Trump slams Elizabeth Warren's Native American heritage story as 'fraud against the American public'
- Donald Trump slammed Massachusetts Senator Elizabeth Warren for claiming Native American heritage, saying she defrauded the public by pretending to belong to another ethnicity.
- On Monday, Warren released the results of a DNA test that suggested she was between 1/32nd and 1/512th Native American.
- Members of the Cherokee Nation, and Warren's own party, attacked her use of a DNA test to prove ancestry, which doesn't hold up to scientific scrutiny.
- But Trump went too far by saying Harvard wouldn't have accepted Warren without her claim to be a Native, as The Boston Globe reported in September.
President Donald Trump slammed Massachusetts Senator Elizabeth Warren for claiming to be a Native American with a tweet on Tuesday which said she defrauded the public by pretending to belong to another ethnicity.
On Monday, Warren released the results of a DNA test that suggested she was between 1/32nd and 1/512th Native American. Trump has consistently attacked her for claiming to have Cherokee heritage while she was a professor at Harvard, often calling her "Pocahontas" as an insult.
She also created a website and released a five-minute video that features her family in Oklahoma, where she was born and raised, alongside the Stanford University professor who conducted the DNA test as part of her Senate reelection campaign.

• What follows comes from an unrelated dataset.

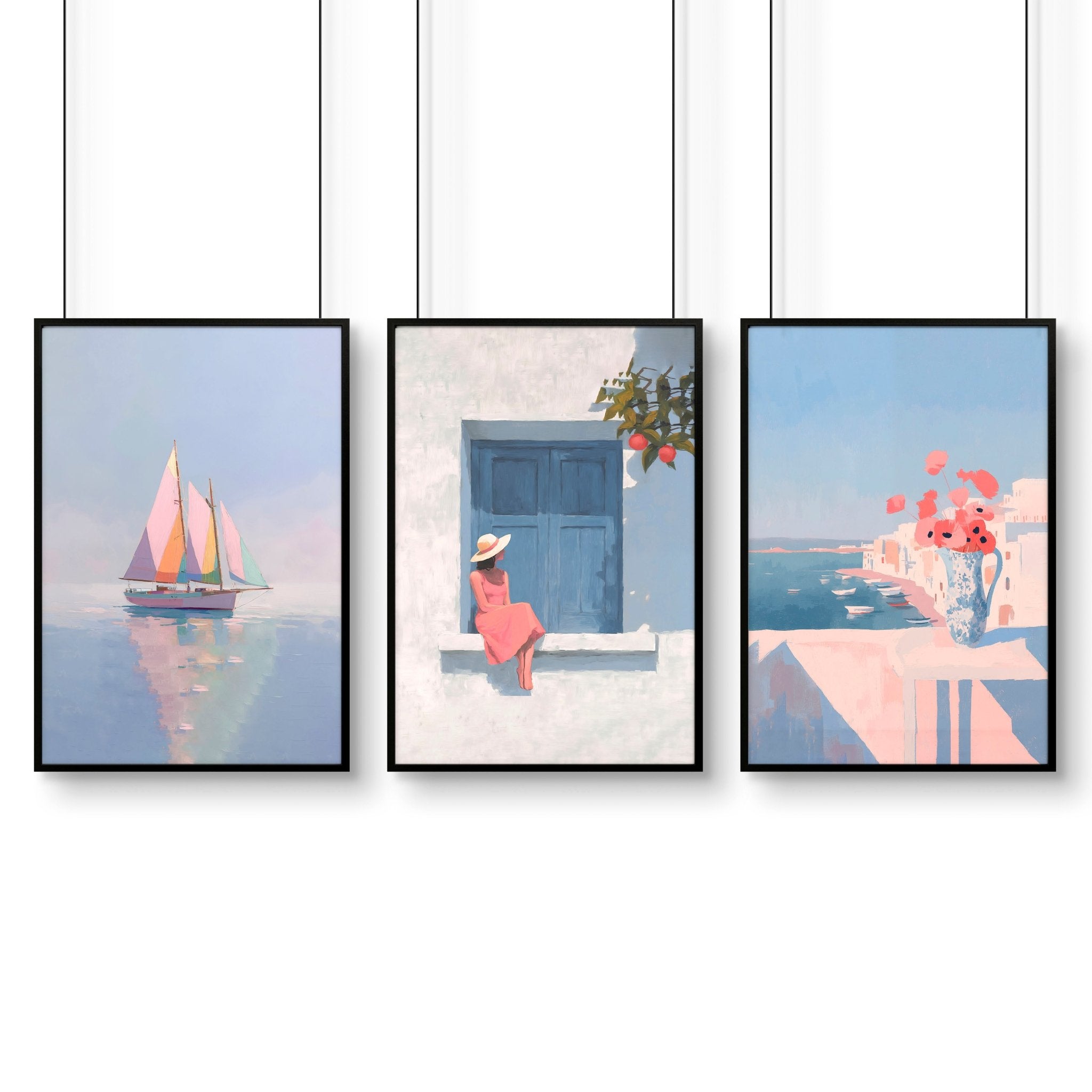Colorful Living Room Walls | Set of 3 Italian Lifestyle Wall art Prints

However, other scientists have been quick to point out that DNA tests can't prove ancestry. Additionally, nearly all European-Americans with long enough family lines in the US have some trace amount of Native American DNA.
"Now that her claims of being of Indian heritage have turned out to be a scam and a lie, Elizabeth Warren should apologize for perpetrating this fraud against the American Public. Harvard called her 'a person of color' (amazing con), and would not have taken her otherwise!" Trump tweeted.
While Warren's claim has not been definitively disproven, her DNA press blitz appeared to backfire heavily.
Warren initially appeared triumphant and challenged Trump to make good on his July promise of donating $1 million to a charity of Warren's choice if a DNA test found that the senator had Native American heritage.
But Native Americans and her own party quickly turned on her.
David Axelrod, former President Barack Obama's strategist tweeted: "Pretty extraordinary video to surface even before you enter the race. It says: 1) @SenWarren is 100% running. 2 ) She thinks this Pocahontas crap is a potential problem. 3) She wants to dispose of it now, lest she be Birtherized. The risk I'm sure she considered? This elevates it."
Jim Messina, former President Barack Obama's 2012 campaign manager, tweeted: "Argue the substance all you want, but why 22 days before a crucial election where we MUST win house and senate to save America, why did @SenWarren have to do her announcement now? Why can't Dems ever stay focused???"
Cherokee Nation Secretary of State Chuck Hoskin Jr. called the test cited by Warren's report "useless" in determining tribal citizenship. He alleged she was "undermining tribal interests" with her "continued claims of tribal heritage."
"A DNA test is useless to determine tribal citizenship. Current DNA tests do not even distinguish whether a person's ancestors were indigenous to North or South America," Hoskin said in a statement.
However, Trump's attack on Warren appeared to go too far and become factually wrong when he stated that Harvard "would not have taken" her but for her claims to Native heritage.
The Boston Globe reported in September tha Harvard never considered Warren a Native American during the application process in the 1990s.
Warren has long been an outspoken Trump critic and remains a much-discussed potential presidential candidate for the Democrats in 2020.